A simple example of component redundancy in an industrial instrumentation system is dual DC power supplies feeding through a diode module. The following photograph shows a typical example, in this case a pair of Allen-Bradley AC-to-DC power supplies for a DeviceNet digital network:
If either of the two AC-to-DC power supplies happens to fail with a low output voltage, the other power supply is able to carry the load by passing its power through the diode redundancy module:
This redundancy module has its own MTBF value, and so by including it in the system we are adding one more component that can fail. However, the MTBF rate of a simple diode network greatly exceeds that of an entire AC-to- DC power supply, and so we find ourselves at a greater level of reliability using this diode redundancy module than if we did not (and only had one power supply).
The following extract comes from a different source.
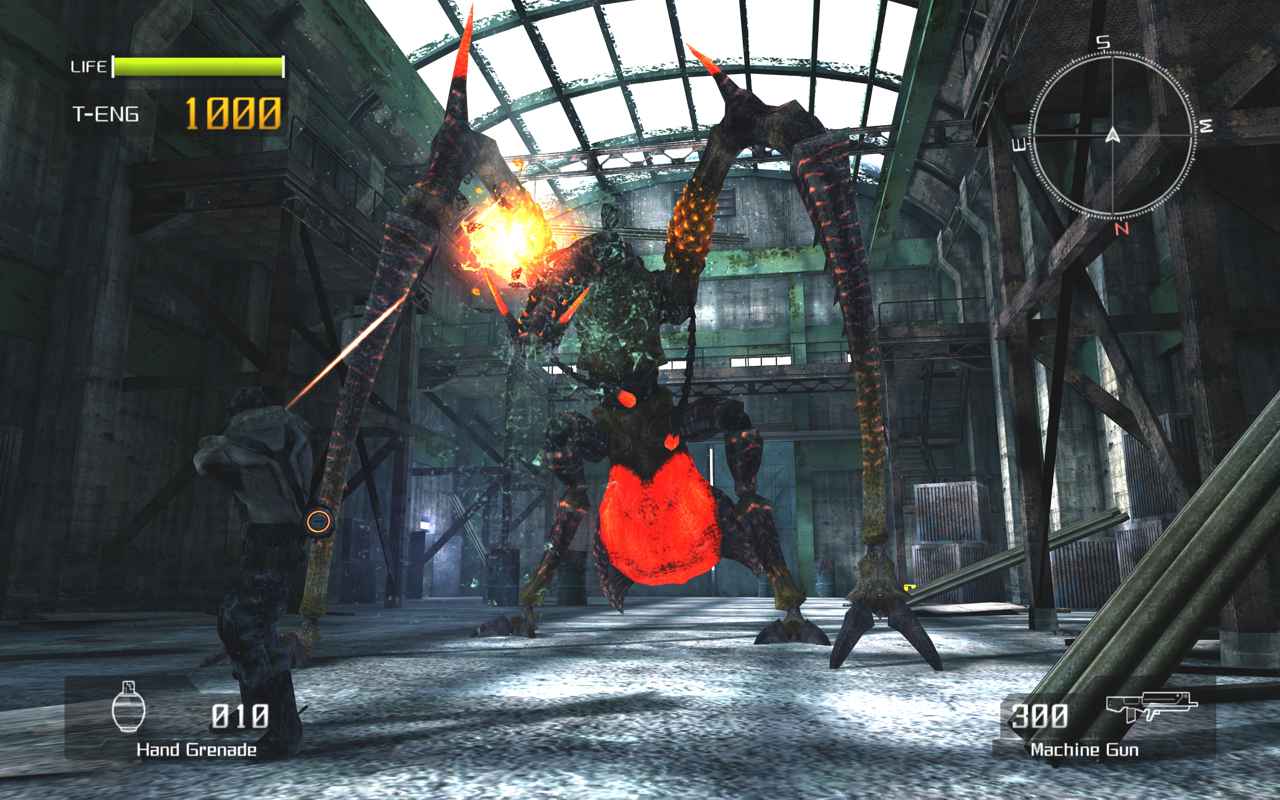 Скриншот из игры Lost Planet: Extreme Condition - 64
In order for redundant components to actually increase system MTBF, the potential for common cause failures must be addressed. For example, consider the effects of powering redundant AC-to- DC power supplies from the exact same AC line. Redundant power supplies would increase system reliability in the face of a random power supply failure, but this redundancy would do nothing at all to improve system reliability in the event of the common AC power line failing! In order to enjoy the fullest benefit of redundancy in this example, we must source each AC-to-DC power supply from a different (unrelated) AC line.
Another example of redundancy in industrial instrumentation is the use of multiple transmitters to sense the same process variable, the notion being that the critical process variable will still be monitored even in the event of a transmitter failure. Thus, installing redundant transmitters should increase the MTBF of the system’s sensing ability.
Here again, we must address common-cause failures in order to reap the full benefits of redundancy. If three liquid level transmitters are installed to measure the exact same liquid level, their combined signals represent an increase in measurement system MTBF only for independent faults. A failure mechanism common to all three transmitters will leave the system just as vulnerable to random failure as a single transmitter. In order to achieve optimum MTBF in redundant sensor arrays, the sensors must be immune to common faults.
In this example, three different types of level transmitter monitor the level of liquid inside a vessel, their signals processed by a selector function programmed inside a DCS:
Here, level transmitter 23a is a guided-wave radar (GWR), level transmitter 23b is a tape-and float, and level transmitter 23c is a differential pressure sensor. All three level transmitters sense liquid level using different technologies, each one with its own strengths and weaknesses. Better redundancy of measurement is obtained this way, since no single process condition or other random event is likely to fault more than one of the transmitters at any given time.
For instance, if the process liquid density happened to suddenly change, it would affect the measurement accuracy of the differential pressure transmitter (LT-23c), but not the radar transmitter nor the tape-and-float transmitter. If the process vapor density were to suddenly change, it might affect the radar transmitter (since vapor density generally affects dielectric constant, and dielectric constant affects the propagation velocity of electromagnetic waves, which in turn will affect the time taken for the radar pulse to strike the liquid surface and return), but this will not affect the float transmitter’s accuracy nor will it affect the differential pressure transmitter’s accuracy. Surface turbulence of the liquid inside the vessel may severely affect the float transmitter’s ability to accurately sense liquid level, but it will have little effect on the differential pressure transmitter’s reading nor the radar transmitter’s measurement (assuming the radar transmitter is shrouded in a stilling well.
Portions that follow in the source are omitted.